= Inventory of hosts to be upgraded to bullseye
== Hadoop-test
[x] {T329363}
== Hadoop
[x] {T332570}
[x] {T332572}
[x] {T332573}
[x] {T332578}
== Stats clients
[] {T329360}
== Launcher
[] {T332580}
== Presto
[x] {T329361}
== Druid
[x] {T332584}
[x] {T332604}
[x] {T332589} **n.b. Refresh druid100[4-6] with druid10[09-11]**
== Kafka
[x] kafka-jumbo - 9 - `cumin 'P{F:lsbdistcodename = buster} and A:kafka-jumbo'` **n.b. Refresh kafka-jumbo100[1-6] with kafka-jumbo10[09-15]** - {T348495}
== Airflow
[x] airflow - 5 - `cumin 'P{F:lsbdistcodename = buster} and A:analytics-airflow'`
== AQS
[x] aqs - 24 - `cumin 'P{F:lsbdistcodename = buster} and A:aqs'` (#data-persistence, see: T347738)
== Zookeeper
[x] {T329362}
== Event schemas
[x] schema - 4 - `cumin 'P{F:lsbdistcodename = buster} and A:schema'`
== Misc
[x] eventlogging - 1 - `eventlog1003.eqiad.wmnet`
[] archiva - 1 - `archiva1001.wikimedia.org` **n.b. {T317182} at the same time**
[] matomo - 1 - `matomo1001.eqiad.wmnet` {T349397}
[x] web publishing - 1 - `an-web1001.eqiad.wmnet`
[x] ~~hue - 1 - `an-tool1009.eqiad.wmnet`~~ **decommissioned**
[x] yarn - 1 - `an-tool1008.eqiad.wmnet`
----
= Original description below
Recent updates are **written in bold text**
During the migration to Buster we worked on two things that should reduce a lot the pain of upgrading:
1) Partman partition re-use recipes for Debian installs of most of our hosts. This means that it will be way easier to reimage/reinstall every node of the cluster without stressing too much about backing up data first etc..

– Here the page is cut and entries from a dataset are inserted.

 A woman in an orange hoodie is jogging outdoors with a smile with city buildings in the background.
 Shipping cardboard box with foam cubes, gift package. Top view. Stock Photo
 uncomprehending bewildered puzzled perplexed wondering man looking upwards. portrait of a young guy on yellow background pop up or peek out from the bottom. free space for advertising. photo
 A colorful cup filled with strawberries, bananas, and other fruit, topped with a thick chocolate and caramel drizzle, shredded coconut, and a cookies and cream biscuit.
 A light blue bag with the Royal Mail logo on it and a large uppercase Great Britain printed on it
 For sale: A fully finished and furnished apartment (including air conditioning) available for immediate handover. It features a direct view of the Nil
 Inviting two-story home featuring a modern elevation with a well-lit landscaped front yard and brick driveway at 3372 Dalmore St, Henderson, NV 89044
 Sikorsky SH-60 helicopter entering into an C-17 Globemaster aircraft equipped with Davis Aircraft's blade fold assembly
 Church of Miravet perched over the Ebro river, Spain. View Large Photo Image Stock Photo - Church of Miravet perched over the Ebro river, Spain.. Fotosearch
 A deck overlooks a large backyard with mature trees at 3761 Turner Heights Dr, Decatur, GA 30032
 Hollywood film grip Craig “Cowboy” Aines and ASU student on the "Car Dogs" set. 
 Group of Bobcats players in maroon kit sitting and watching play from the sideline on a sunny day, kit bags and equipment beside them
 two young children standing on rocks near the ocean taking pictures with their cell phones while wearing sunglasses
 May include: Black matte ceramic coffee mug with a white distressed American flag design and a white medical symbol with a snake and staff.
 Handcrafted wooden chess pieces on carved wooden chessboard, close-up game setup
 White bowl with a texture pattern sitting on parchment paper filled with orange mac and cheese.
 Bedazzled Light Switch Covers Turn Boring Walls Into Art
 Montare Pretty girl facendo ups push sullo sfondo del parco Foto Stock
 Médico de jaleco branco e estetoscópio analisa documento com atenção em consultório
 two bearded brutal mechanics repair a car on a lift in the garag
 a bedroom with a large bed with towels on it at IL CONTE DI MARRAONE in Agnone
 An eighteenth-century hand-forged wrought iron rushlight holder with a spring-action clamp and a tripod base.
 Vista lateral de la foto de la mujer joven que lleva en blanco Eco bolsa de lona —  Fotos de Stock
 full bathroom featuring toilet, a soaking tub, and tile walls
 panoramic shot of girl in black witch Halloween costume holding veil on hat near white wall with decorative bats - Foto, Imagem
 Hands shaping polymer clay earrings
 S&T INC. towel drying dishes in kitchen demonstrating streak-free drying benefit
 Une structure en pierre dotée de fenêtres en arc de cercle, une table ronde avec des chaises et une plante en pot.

2) Fixed uid/gid of most of the system users. This will allow us to avoid weird permission errors/mismatches after reinstall/reimage.
It is nonetheless a sizeable amount of work :)
Some high level notes:
* Moving the Hadoop test cluster to Bullseye ahead of time may be a good way to see if anything weird comes up.
* A lot of VMs like matomo1002, archiva1002, eventlog1003, an-tool100*, etc.. should be easy to migrate. The work to do is to create a new VM with Bullseye running the same packages, test that everything is fine and flip the traffic over. **There is a `sre.ganeti.reimage` cookbook, making a reimage in place an even easier option in many cases**
* Most of our systems like Hadoop, Druid, etc.. are not ready for Java 11, so we'll need to use 8. **We now have full support for Java 8 in bullseye, so we are good to go**
* Moving Hadoop to Bullseye poses some further questions, since on paper the current version of Bigtop that we run (1.5) doesn't support Bullseye **We have now built bigtop 1.5 for bullseye and deployed it so we are good to go**